Gerrymandering is the practice of manipulating electoral boundaries to favor one specific political group. It can take many different forms from packing all voters of one group into a single district or spreading them out through many districts so that they never reach a majority.
The effects of gerrymandering can be seen in the Wisconsin Legislature where Democrats received about 47% of the votes in all races in the 2020 general election, but only won about 38% of the total seats in the state Senate and Assembly.
Matthew Petering is an associate professor in the College of Engineering and Applied Sciences at UW-Milwaukee and he created a board game to help people better understand how gerrymandering works.
“I think gerrymandering is a complicated issue that a lot of people in the general public, perhaps, may not be very familiar with and if you can make a game to help people understand that might reach more people than just having a regular textbook,” he says.
The game is called Distrix. It is a two-player game where each player has to compete to control more than half of the nine election districts in America’s 51st state.
“Sometimes by playing a game, you can feel a little bit happier when thinking about a complex topic such as gerrymandering,” he says.

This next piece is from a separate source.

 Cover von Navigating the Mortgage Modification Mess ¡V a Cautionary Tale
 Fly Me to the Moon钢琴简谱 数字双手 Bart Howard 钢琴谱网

While the games forces both sides to make strategic decisions about how the redistricting process should go, Petering says that many states don’t take this measure and allow a single party to control the entire process. He hopes that aspect will help teach people about how there needs to be multiple parties involved when it comes to redrawing political districts.
“I think the game is an interesting idea that might actually be worth thinking about for redistricting in real states,” he says.
Petering says the game can be enjoyed by gaming and politics enthusiasts alike, but classrooms are really where Distrix shines. “Students and teachers can get quite a bit out of the game, to basically see how districts can be gerrymandered,” he says.
Petering also hopes politicians pay attention and understand that it is possible to have fairer ways to draw political maps.